Pero hay algunos, y no son pocos, que viven en el infierno antes de saber si, del que unos hablan, existe -según en lo que cada quien crea-. Ya nos lo advirtió el filósofo alemán, ateo convicto y confeso, Arthur Schopenhauer: “Para millones y millones de seres humanos el verdadero infierno es la tierra”. Y lo terrible, aun siéndolo el hecho de que sea así, no es esa incontestable realidad; lo espantoso, lo aterrador, lo demoledor es la causa de la sinrazón por la que esto es así: nosotros.

Alguien, no recuerdo ahora quien fue, dijo: “En el infierno no hay demonios, están todos aquí”. Nosotros, algunos de entre nosotros -no todos, claro- hacen posible lo que nunca debiera dejar de ser imposible.

La crueldad amarrada al ADN que nos confiere la condición humana, se manifiesta como el más sobrecogedor de los fantasmas que pudiesen surgir en un escenario espeluznante y atroz, atrapado en la oscuridad lúgubre de una noche tenebrosa. La pesadilla se convierte en una realidad que, a fuer de siniestra y brutal, se muestra como algo impensable e irreal, muy lejos de la capacidad del humano comprender. Nos hundimos, entonces, en el cieno movedizo que se ahoga en las oscuras profundidades del lóbrego y fétido pantano que nos absorbe. Sentimos los babosos tentáculos de una criatura deforme y monstruosa, que agarran nuestras piernas, nos inmovilizan manos y brazos, se adhieren, pegajosos, a nuestro cuerpo y nos arrastran, sin alternativa alguna ni remedio posible, hasta las insondables simas en las que la maldad es dueña de la esperanza, muñidora del presente y patrona de un pasado ensartado por las perniciosas púas del mal. Traspasamos líneas infranqueables; entramos a un vacío hueco de sentimiento; estamos dónde nunca debiéramos estar. Después… después ya nada será como antes fue.

Sin que sea factible dar con una razón que explique lo inexplicable, el Hombre camina por senderos impracticables para los humanos. Conferimos certeza a lo que jamás debiera figurar entre lo cierto; consentimos lo que, por perverso, siniestro y maligno, nunca debiera ser permitido; concedemos patente de corso a lo que jamás debiéramos admitir que habitase entre nosotros.

Cristianos o budistas, judíos o musulmanes, ateos también; todos esperamos librarnos del infierno: bien cumpliendo con los preceptos, bien procurando no hacer el mal, bien arrepintiéndonos, cuándo lo hemos hecho, y rectificando después, bien engañándonos a nosotros mismos, o bien confiando en que no exista, todo puede valer … o no.
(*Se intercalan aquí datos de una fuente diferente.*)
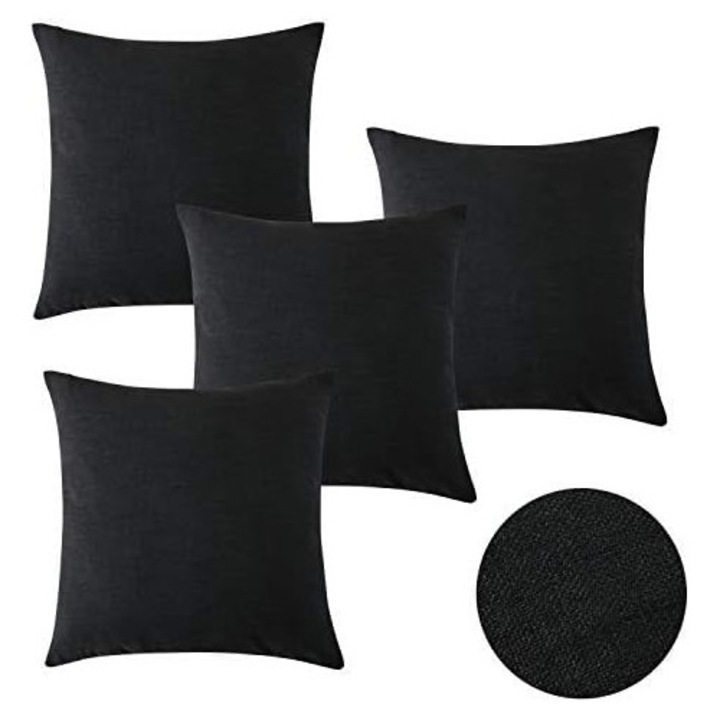 Set 4 huse perne 45x45cm, Deconovo, negru, poliester, design modern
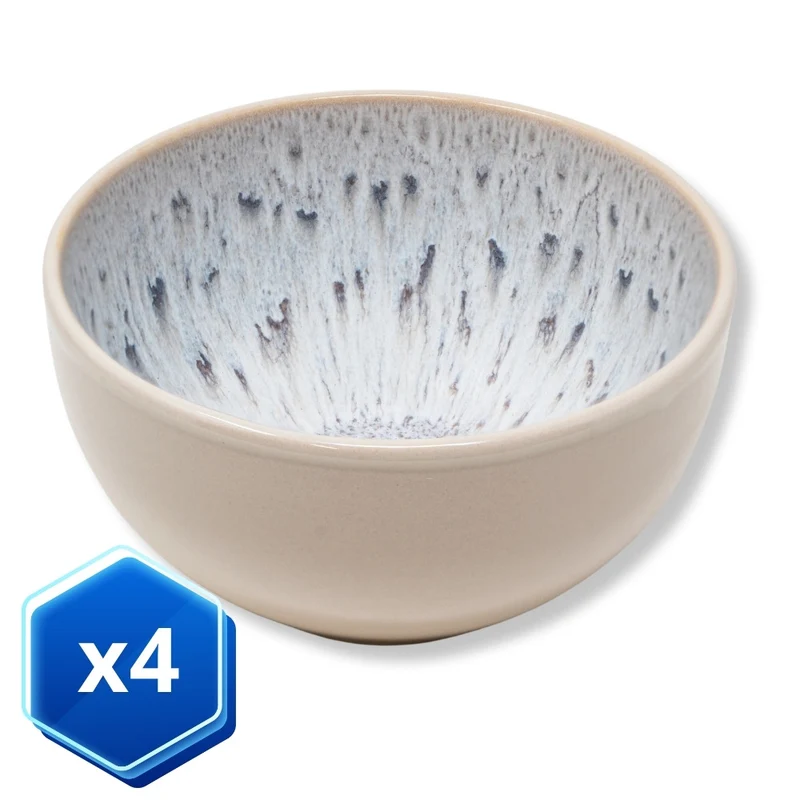 Set 4 Ciotole Gray 450 ml | Eleganza e Colore in Porcellana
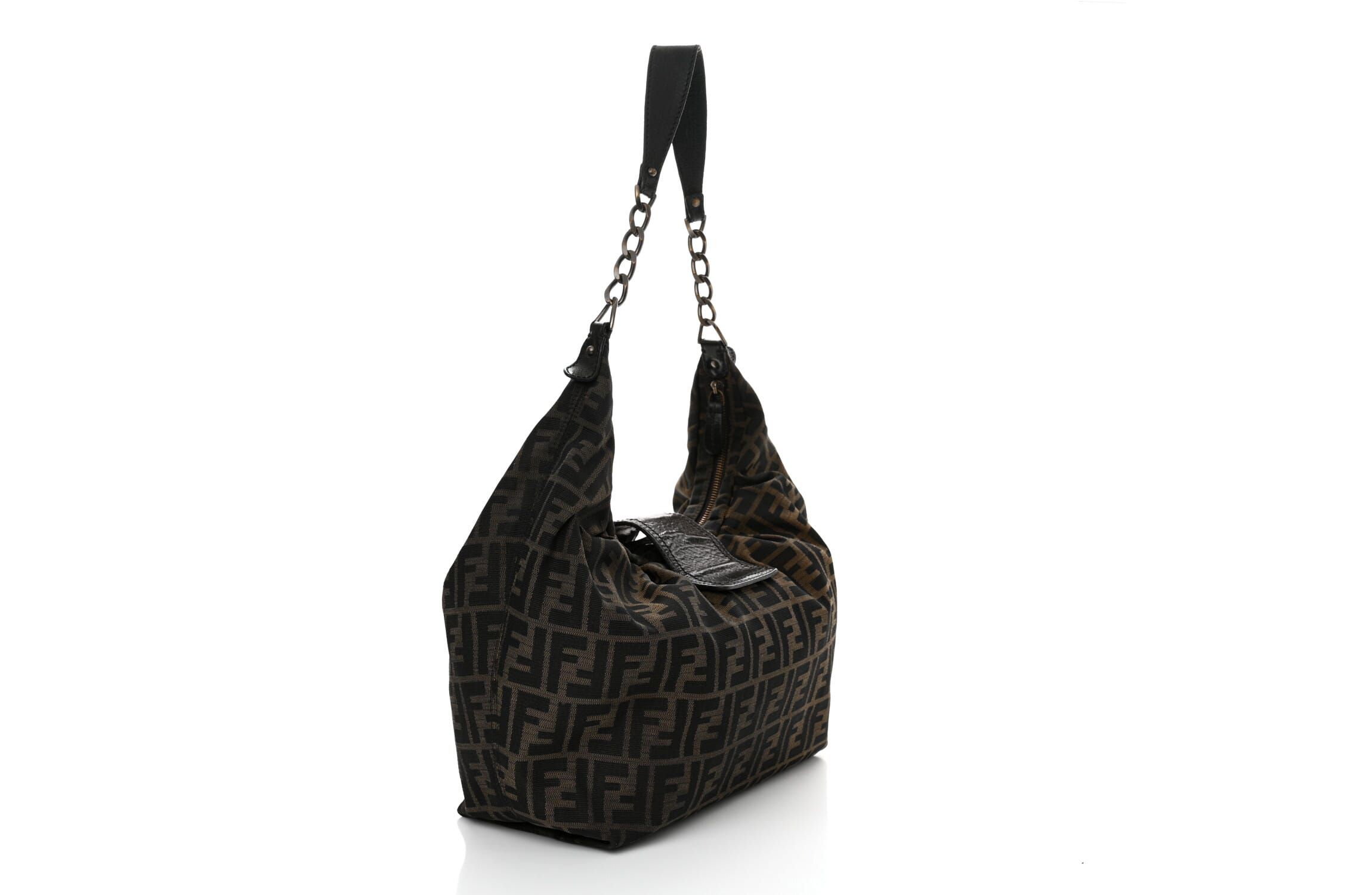 Fendi Zucca B Buckle Hobo Tobacco Castagna -FINAL SALE NO RETURNS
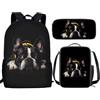 THKVSV Zaino per ragazze e ragazzi scuola elementare zaino per studenti elementari borsa con portapranzo borsa portamatite stampa cavallo, Cane nero., One Size, Zaino daypack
Pero hay un infierno del que no nos sabemos librar, un averno que existe para todos, para unos -los que lo padecen-, por activa; y por pasiva -los que lo permiten-, para otros. No está en los Nueve Círculos descritos por Dante, ni en el “Yahannam” de los fieles a Mahoma, ni bajo las arenas de Osiris, ni tampoco en lo más recóndito de la selvas mayas, con “Xibalbá”; el infierno habita entre nosotros, todos los días: del alba al crepúsculo, y las noches enteras después, desde el ocaso hasta el amanecer. Querido, o no, así lo hemos consentido.